Common Bus System using Multiplexer (4-bit, 8-bit) 

The concept of working a common bus system using a multiplexer in 4 bits, 8 bits, or 16 bits is almost the same. This article will teach us about 4-bit and 8-bit register architecture, but most registers are 16-bit in computer architecture. 

Generally, computers use many registers for different purposes. We need to transfer the data and instructions between these registers. So, To transfer the data between the registers, the common bus system is used. For this purpose, we connect all registers with a common BUS through Multiplexer.

 4-bit register in the Common Bus System 

 4-bit Register in the Common Bus System 

The 4-bit register means that the size of the register is 4-bit. These 4-bit registers use four multiplexers because the number of bits in the register always equals the number of multiplexers. This mechanism is also known as a “4×1” multiplexer. The 4×1 Multiplexer means four inputs to each Multiplexer from four registers and one output to the common bus.

As in the above diagram, four registers and four multiplexers, each register of 4 bits, numbering from 0 to 3. There are two select lines, S0 and S1. 

How Registers and multiplexers are connected?

The bits of Register A are (A3, A2, A1, A0). Register B is (B3, B2, B1, and B0).  Register C is (C3, C2, C1, and C0). And Register D is (D3, D2, D1, and D0).

And the first Multiplexer is (D0, C0, B0, and A0). The second Multiplexer is (D1, C1, B1, and A1). The third Multiplexer is (D3, C3, B3, and A3). The fourth Multiplexer is (D4, C4, B4, and A4).

If we connect the first Multiplexer with registers, then fetch all zero bits from all registers and connect them to the first Multiplexer. In some way, if we want to connect the second Multiplexer with registers, then fetch all bits from position 1 of all registers, connect them to the 2nd Multiplexer, and so on for other registers and multiplexer connections.

How are the bits transferred from the Multiplexer to the common bus?

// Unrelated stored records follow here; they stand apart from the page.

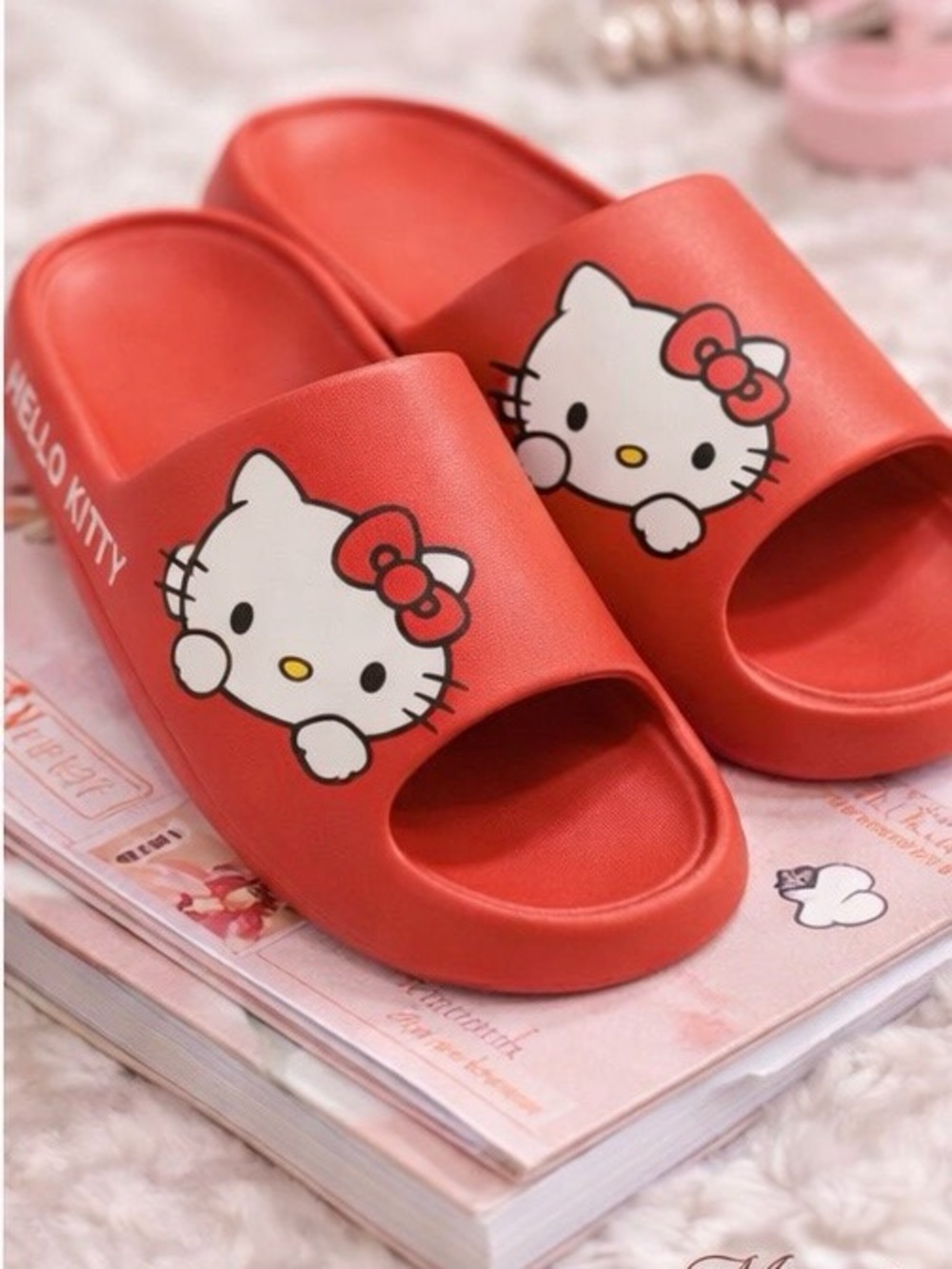 Hello Kitty Coral Red Slide Sandals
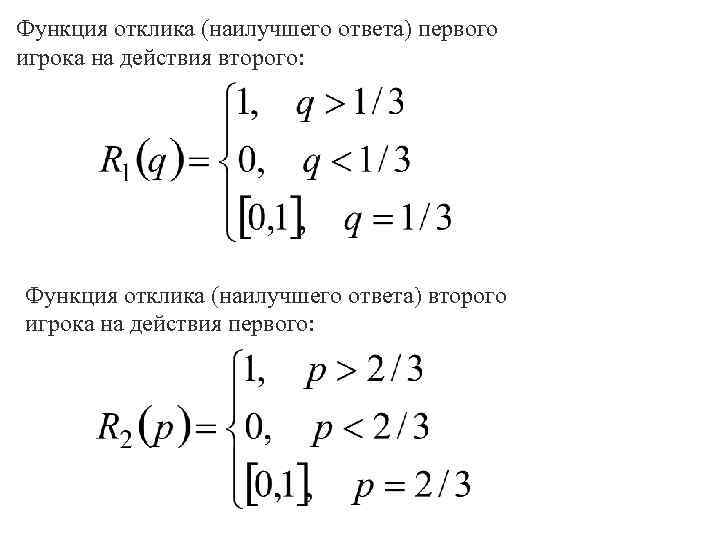 Функция отклика (наилучшего ответа) первого игрока на действия второго: Функция отклика (наилучшего ответа) второго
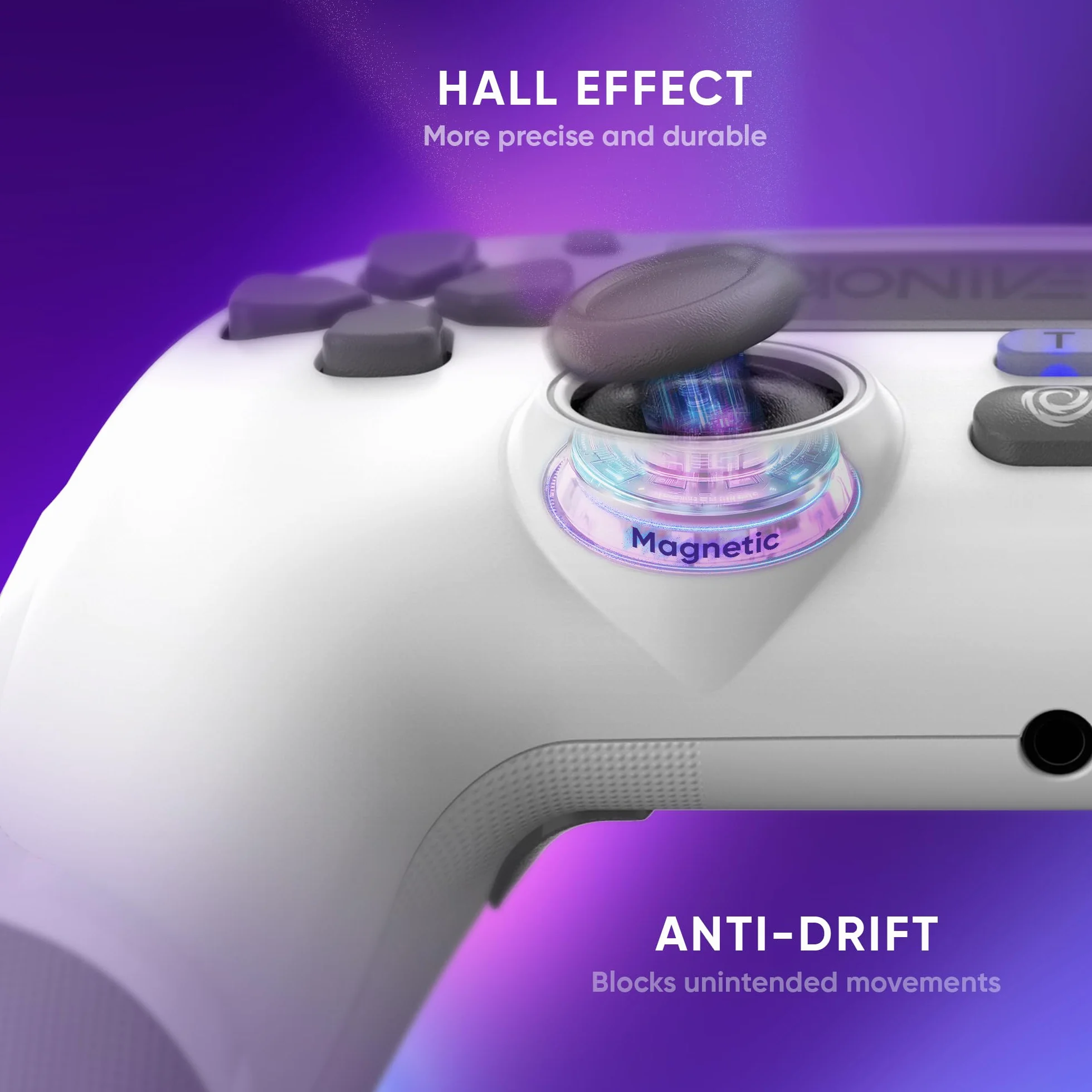 Oniverse Bezprzewodowy kontroler do PS4 PS3 PC Android iOS, joystick z efektem hali, akumulator 1000 mAh, Revolt White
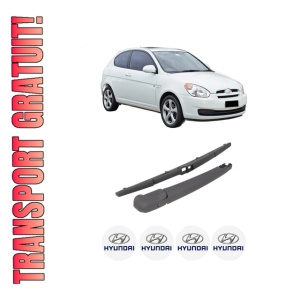 Set brat stergator spate cu lamela pentru HYUNDAI ACCENT III (MC) din 2005-2010, pentru spate, din cauciuc siliconat rezistent, 4 stickere auto HYUNDAI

We assign values to the select lines connected to each Multiplexer. So, the value of the select line activates the relevant bit of each Multiplexer and transfers it to the common bus. Here’s a table that shows all combinations of select lines (S1S0).

00 Register A
01 Register B
10 Register C
11 Register D

 When S1S0=00, then Register “A” is activated. The select lines are linked to each Multiplexer, activating the zero (0) bit in every Multiplexer, as each zero bit is connected to register A. So, one output from each Multiplexer will be sent to the common bus, as shown in the following diagram.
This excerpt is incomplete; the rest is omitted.